The Joy of Proving Yourself Wrong: A Case Study in A/B Experimentation


Getting A/B experimentation to work for you is a science that goes beyond purchasing a tool. It’s about creating a culture of learning and celebrating failed hypothesis alongside the winning ones. It’s about putting processes in place to make sure you’re following a rigorous testing regimen. And along the way, it’s about making a lot of mistakes.

Through this interactive session, we’ll go through a case study of a recent experiment my team ran and you’ll have a chance to set the variables up yourself. We’ll learn about how complicated these experiments can get and how to discover if you’ve made an error in your test setup. We’ll look at what you should do to build on the momentum of a failed experiment. Finally, I’ll share operational processes I’ve put in place on my team to reduce the likelihood of making these mistakes in the future.

A/B testing is complicated and even the best teams make mistakes. This session is aimed at experienced practitioners who want to improve team processes, learn how to design tests so that they provide accurate data, and recover from those errors when they do happen. It’s about finding the joy in a failed experiment and making sure each test is set up so you’re guaranteed to learn something. A strong experimentation regimen can take you from amateur tinkerer to data-driven guru, where every failure makes you smile.

Learning Outcomes

  • How to structure test hypotheses when you plan to do multiple rounds of testing
  • When to do single-variant versus multivariant tests
  • Why you should always plan on iterating on your winning variation
  • What channels of communication you need to set up between engineering, marketing, design, and leadership to iterate on a/b experimentation
  • How to use qualitative research to drive quantitative research agendas

Additional Details

About the case study

The content for this session will largely be communicated via a case study that gets more complicated as the presentation goes on.
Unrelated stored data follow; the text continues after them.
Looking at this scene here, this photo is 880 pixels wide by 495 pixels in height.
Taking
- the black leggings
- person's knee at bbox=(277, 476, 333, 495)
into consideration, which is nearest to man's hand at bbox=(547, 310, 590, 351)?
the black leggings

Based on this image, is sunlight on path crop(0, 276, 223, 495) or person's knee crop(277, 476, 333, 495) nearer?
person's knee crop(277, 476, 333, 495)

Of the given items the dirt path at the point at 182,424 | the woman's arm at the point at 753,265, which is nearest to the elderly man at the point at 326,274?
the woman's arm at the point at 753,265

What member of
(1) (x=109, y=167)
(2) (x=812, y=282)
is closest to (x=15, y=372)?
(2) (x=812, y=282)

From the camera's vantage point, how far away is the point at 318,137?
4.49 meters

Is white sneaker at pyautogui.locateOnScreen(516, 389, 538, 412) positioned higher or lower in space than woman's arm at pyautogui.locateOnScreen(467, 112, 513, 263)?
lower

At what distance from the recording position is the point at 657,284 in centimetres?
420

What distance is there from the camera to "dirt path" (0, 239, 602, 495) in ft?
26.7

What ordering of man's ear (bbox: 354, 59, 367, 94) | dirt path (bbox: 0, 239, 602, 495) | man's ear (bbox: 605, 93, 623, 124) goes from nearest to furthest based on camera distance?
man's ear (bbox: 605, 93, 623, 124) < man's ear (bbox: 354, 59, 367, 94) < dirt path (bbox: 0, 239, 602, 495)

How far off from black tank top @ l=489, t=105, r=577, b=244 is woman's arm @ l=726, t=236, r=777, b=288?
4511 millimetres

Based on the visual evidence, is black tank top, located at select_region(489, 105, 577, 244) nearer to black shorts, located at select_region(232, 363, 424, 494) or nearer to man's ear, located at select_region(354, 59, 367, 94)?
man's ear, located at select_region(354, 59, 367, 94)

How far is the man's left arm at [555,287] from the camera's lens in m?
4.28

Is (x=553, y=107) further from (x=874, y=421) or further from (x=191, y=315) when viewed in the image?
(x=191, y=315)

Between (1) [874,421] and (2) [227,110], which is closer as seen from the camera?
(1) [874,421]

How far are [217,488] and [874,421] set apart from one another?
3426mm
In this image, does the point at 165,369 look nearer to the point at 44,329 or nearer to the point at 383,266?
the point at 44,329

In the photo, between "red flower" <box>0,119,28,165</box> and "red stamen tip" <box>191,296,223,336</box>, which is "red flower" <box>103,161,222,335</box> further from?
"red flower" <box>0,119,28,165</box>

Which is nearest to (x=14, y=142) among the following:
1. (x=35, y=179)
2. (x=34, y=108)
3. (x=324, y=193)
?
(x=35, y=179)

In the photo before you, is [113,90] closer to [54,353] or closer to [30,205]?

We’ll start with setting up what appears to be a very basic A/B experiment, but as we “run” the experiment in the session, we’ll learn more and more pieces of information that complicate the project. The session will end with the audience starting to think about the second variation on the test to learn about why the first test failed, but we will probably not have enough time to actually begin testing the second variation.

Throughout the examples, I’ll also share different steps and processes I have put in place on my team to reduce the likelihood of these surprises coming up mid-experiment.


As a workshop, this session is best when between 75-120 minutes. It can also be done as an interactive session. It’s hard to provide the exact timeline for this, as we’ll be teaching the lessons through the questions and comments people bring up, rather than through a set, pre-programmed schedule. This is really designed to be a discussion-led activity. There is no Q&A at the end because the session is designed for questions all along the way.

  • Refresher on the basics of A/B testing
  • Background on this particular case
  • Setting up the initial experiment
  • Complications – an undiscovered bug
  • Complications – confounding data
  • Complications – cyclical patterns
  • Wrap up – what does the next iteration look like?

Main topics to cover include

  • Why you should test everything: The power of measuring the success and failure of everything you release.
  • Hypothesis framing: How to use qualitative research to set up your hypotheses for A/B experimentation
  • Different kinds of tests: When to use multivariate versus single-variation experiment structures and what they are
  • Iterative experimentation: Why set up iterative experiments where you run one test and follow it immediately with a new variation, and how that should change the way you design your tests
  • All the things that can go wrong: Different, unexpected ways your experiment can be ruined due to poor data, and why the only way an experiment can really fail is inconclusive data, not a losing variation.